Dariusz Maciak zapowiedział nawet podczas sesji rady miasta "rozważenie kroków prawnych" a o autorze tekstu powiedział, że "nie jest godny nawet kieliszka ciepłej wódki w przydrożnym barze".

My jednak uważaliśmy, i uważamy, że o sprawie mamy prawo pisać. Po pierwsze dlatego, że panowie Maciak i Kotowski są osobami publicznymi. Po drugie dlatego, że w Polsce procedury karne są jawne, i tylko sąd może wyłączyć tę jawność, w wyjątkowych przypadkach, ze względu na ważny interes społeczny. W tym przypadku nie wyłączył. Zajrzeliśmy więc do akt i przedstawiamy to co na ten temat mieli do powiedzenia także sami zainteresowani. Na policji, świadomi odpowiedzielności za mówienie nieprawdy.

Dariusz Maciak ostrołęcką komendę odwiedził 24 października. Złożył zawiadomienie o kradzieży torby z 45 tys. zł należącej do prezydenta. Jak zeznał "Janusz Kotowski jest moim przyjacielem. (…) Na początku sierpnia 2011 roku zapytałem czy mogę zamieszkać w wynajmowanym przez niego mieszkaniu przy 11 Listopada. Wyraził na to zgodę, dał mi klucze i zamieszkałem tam na początku sierpnia.".

Wkrótce okazało się jednak, że liczba lokatorów w dwupokojowym mieszkaniu (jeden z tych pokoi jest z aneksem kuchennym) znacznie się zwiększyła. Wprowadziło się do niego trzech piłkarzy (do niedawna przewodniczący Maciak był prezesem Narwi - przyp. red.). Ci piłkarze to Szalwa G. z Gruzji oraz Maciej F. z Warszawy i Kamil J. z Olsztyna. Ten ostatni zamieszkał ze swoją dziewczyną, Pauliną.

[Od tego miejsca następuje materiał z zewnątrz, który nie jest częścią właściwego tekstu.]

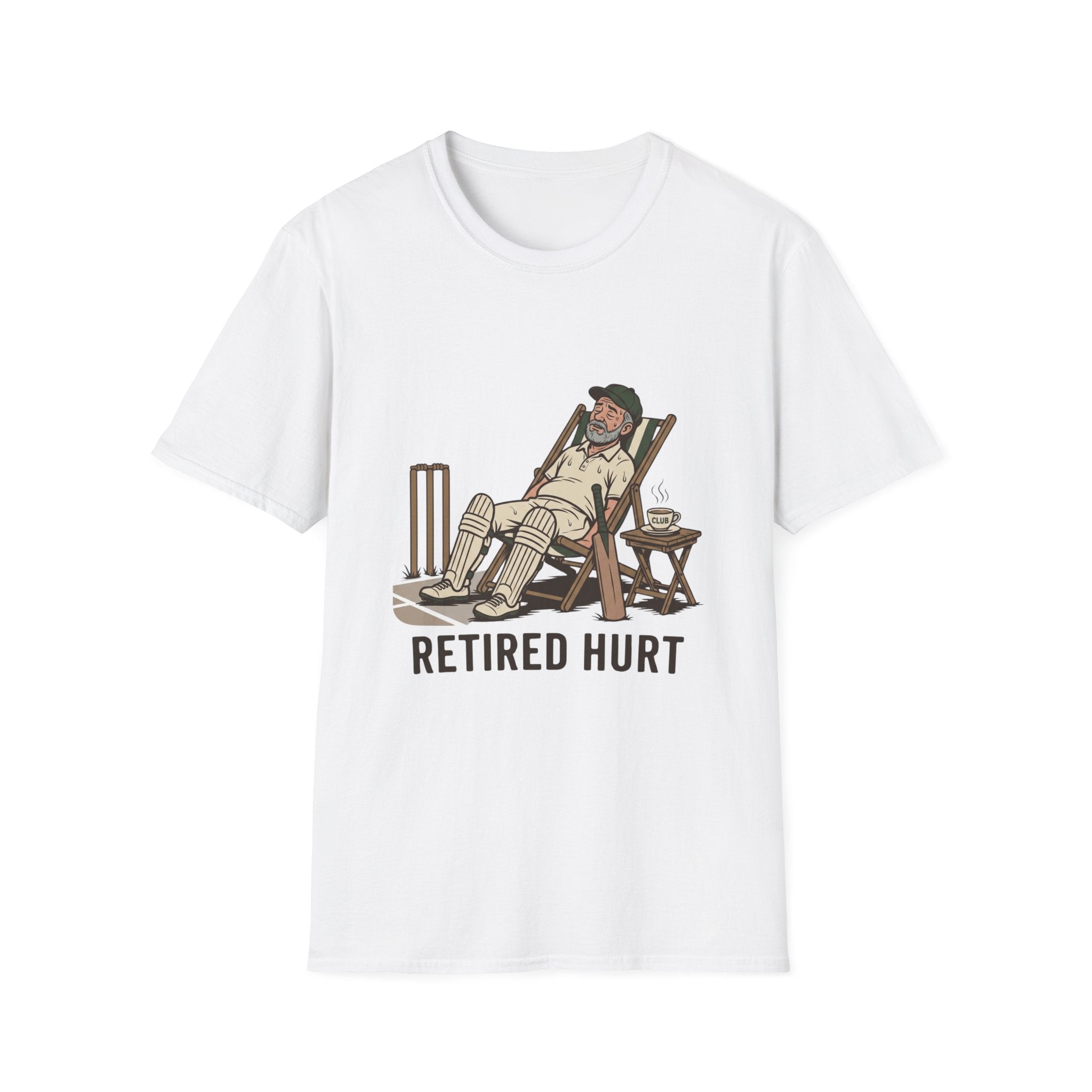 Retired Hurt T-Shirt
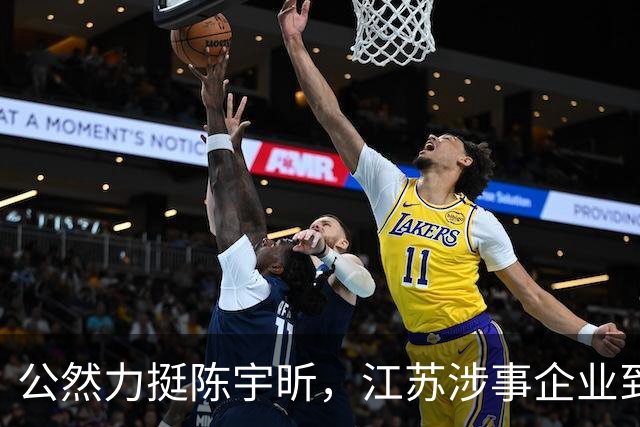 公然力挺陈宇昕，江苏涉事企业到底图个啥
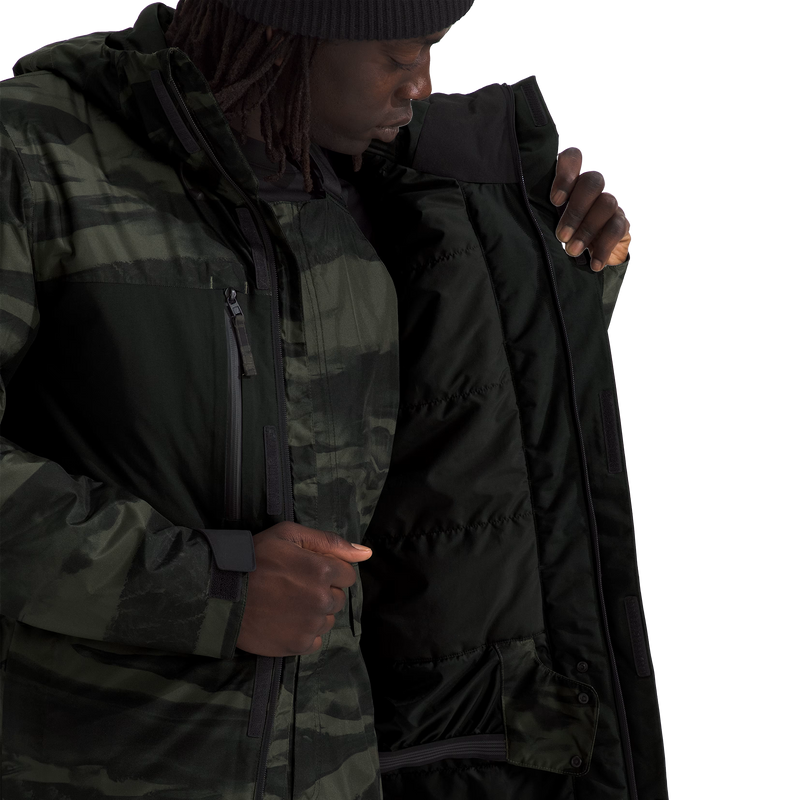 Freedom Insulated Jacket, The North Face Freedom Insulated Jacket Lining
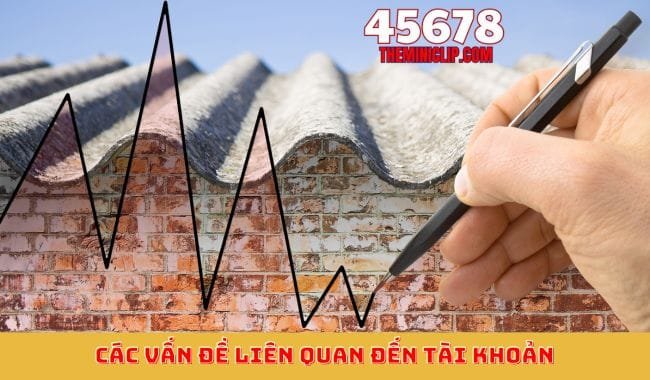 Các Vấn Đề Liên Quan Đến Tài Khoản Với CSKH 45678 Các Vấn Đề Liên Quan Đến Tài Khoản Với CSKH 45678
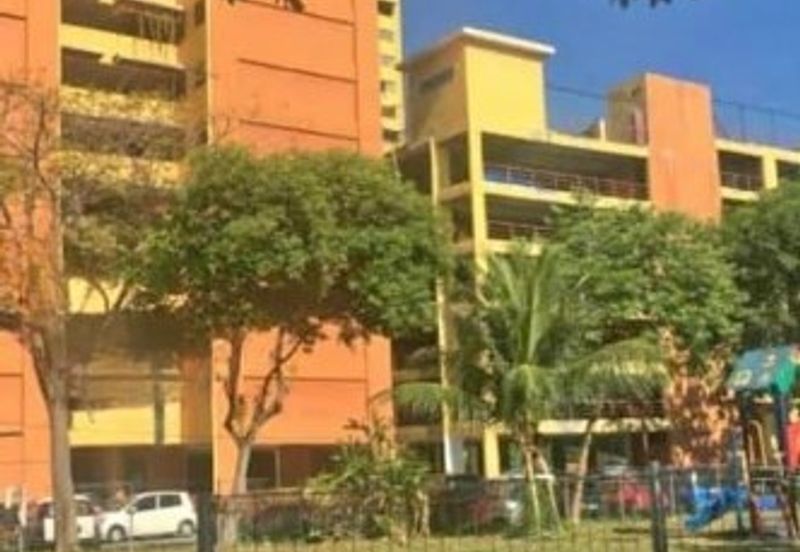 APARTMENT MUTIARA IDAMAN, SOLOK TENGKU JELUTONG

"Przedstawiciele klubu [Narew] poprosili mnie, czy mogą zamieszkać u mnie. Zgodziłem się i wspomniałem o tym Januszowi Kotowskiemu - zeznawał Dariusz Maciak. Po czym przeszedł do sedna swojego zawiadomienia. - W pokoju z kuchnią, w szafce meblowej znajdowała się charakterystyczna torba na ramię kupiona przez Janusza Kotowskiego w Gruzji. Czarna, dekorowana koralikami. Gdy się wprowadzałem to pobieżnie zerknąłem do szafek w celu stwierdzenia co się w nich znajduje. Ja tam wizualnie nie stwierdziłem żadnych wartościowych rzeczy. (…) Pod koniec sierpnia dowiedziałem się od Janusza Kotowskiego, że w torbie z Gruzji trzyma prywatne oszczędności, mówił mi, że na zakup telewizora dla dzieci. (…) Natychmiast sprawdziłem czy torba jest na swoim miejscu, okazało się, że jej nie ma. (…) Kotowski powiedział mi, że tam była duża kwota, po kilku dniach sprecyzował, że 45 tys. zł".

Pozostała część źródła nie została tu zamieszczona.